Fonteyn recognized that language was a counterintuitive way to engage with an art form defined by its physicality and muteness. If director Ralph Fiennes and playwright David Hare saw this ineffability as an interesting challenge when they set about creating The White Crow, a biopic of Nureyev, one of the most important dancers of the 20th-century, I wished they’d experimented a little more. Midway through the film, Nureyev’s most influential ballet teacher, Aleksandr Pushkin (played by a Russian-speaking Fiennes), has a short monologue about the true meaning of ballet. It isn’t technique – the height of a dancer’s jumps or the number of turns he’s able to perform sequentially. It’s about “story.”
It seems odd that the thoughtful, quick-witted and naturally recalcitrant Nureyev didn’t push back with a few questions. Isn’t “story” something of an empty platitude routinely offered up as the point of art? How does that distinguish dance from literature, opera, film or theatre? Aren’t stories best suited for children?
This anticlimactic bit of wisdom could epitomize why it’s so hard to make art about other art forms – if evoking ballet’s majesty was, in fact, among Fiennes and Hare’s objectives. Maybe they were drawn to parallels between Nikita Khrushchev’s USSR and Vladimir Putin’s Russia, with an eye toward the predicament of the oppressed artist. (A curious real-life reference that bears some untangling is that dancer Sergei Polunin is cast as Nureyev’s roommate – he’s the ardent Putin supporter, recently fired from the Paris Opera Ballet for sexist and anti-gay slurs on Instagram). Or maybe Fiennes was just looking for a good excuse to learn Russian. (To my non-Slavic ear, he’s done remarkably well).
These maybes would be immaterial in a more artistically rewarding film, but they loom large in The White Crow, Fiennes’s third directorial effort. It’s a perplexing movie, the kind of adaptation that’s easy to damn with faint praise; it’s effective, coherent and watchable. There’s plenty to enjoy looking at, from scenes of dancers clad in 1960s evening wear sipping from coupe glasses at the Palais Garnier to shots of the Seine’s riverbank at nightfall. If Fiennes and Hare had been tasked with telling the story of Nureyev’s early life in an accessible and comprehensive way, free of ambitious aesthetic liberties or cinematic innovation – a sort of protracted Heritage Minute of the dancer’s 1961 defection – I would give them a high grade.
Based on Julie Kavanaugh’s 2007 biography, the film relays the first 23 years of Nureyev’s life, from his birth on the Trans-Siberian Railway to his dramatic defection at the Paris airport.
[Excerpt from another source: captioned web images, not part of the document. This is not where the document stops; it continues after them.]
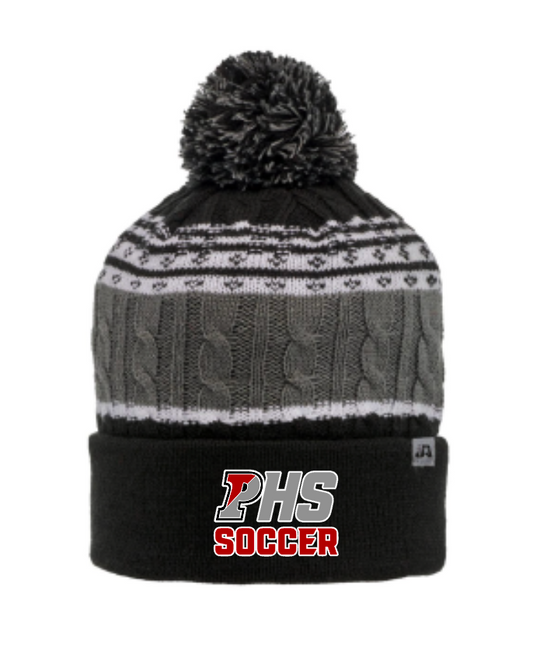 PHS Soccer Pom Embroidered Beanie
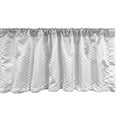 thumbnail image 1 of Ambesonne Neutral Valance Pack of 2, Triangular Monochromatic, 54"X12", Pale Grey, 1 of 3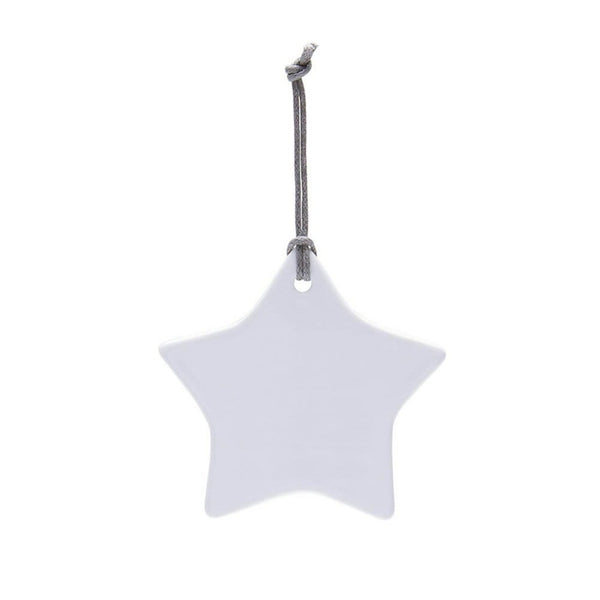 Custom: Winter Star Ceramic Ornament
Fiennes found a Nureyev-lookalike for the main character, Ukrainian ballet dancer Oleg Ivenko, who is both powerful and understated in his first acting role. Nureyev had a reputation for his fervent work ethic – he started ballet quite late, at age 11, and when he arrived at Leningrad at the age of 17, he had a lot of catching-up to do quickly. Ivenko is great at depicting the sweat and blood that defines practice. Some lovely studio scenes – the men in crisp white T-shirts and black tights – capture the discipline, elegance, deference and virtuosity so distinctive to ballet culture.
Nureyev was also known for his ego and temper, and Ivenko is just as effective at relaying these characteristics. He shows inconceivable rudeness to shop clerks and waiters, not to mention toward Clara Saint (Adèle Exarchopoulos), the grieving French/Chilean heiress whom he dates while in Paris. But while Ivenko can dance, the dance scenes can leave us feeling bemused, shortchanged. Although esteemed ballet choreographer Johan Kobborg recreates some of Nureyev’s technical quirks – his too-straight arms and imperfect turnout – Ivenko isn’t able to capture any of Rudy’s animalistic magic. When Saint says that, watching him, she was so transfixed she forgot her grief, we wonder: What did she see that we didn’t? The film may go to lengths to tell us that Nureyev was sensational to watch, but we don’t experience much of this power or magnetism as viewers.
If Fiennes hasn’t made enough strong, interpretative choices as a director, he has knack for textured details that lightly, and cumulatively, build mood. A 17-year-old Nureyev is seduced (arguably sexually abused) by Pushkin’s wife, and Fiennes subtly evokes undertones of fear, desire and shame. Scenes of Nureyev’s childhood gently depict the dreadful poverty of wartime Russia. And as a stoic and weathered middle-aged ballet teacher, who lives in a cramped apartment and maintains a tender and dignified devotion to his craft, Fiennes gives the film’s best performance.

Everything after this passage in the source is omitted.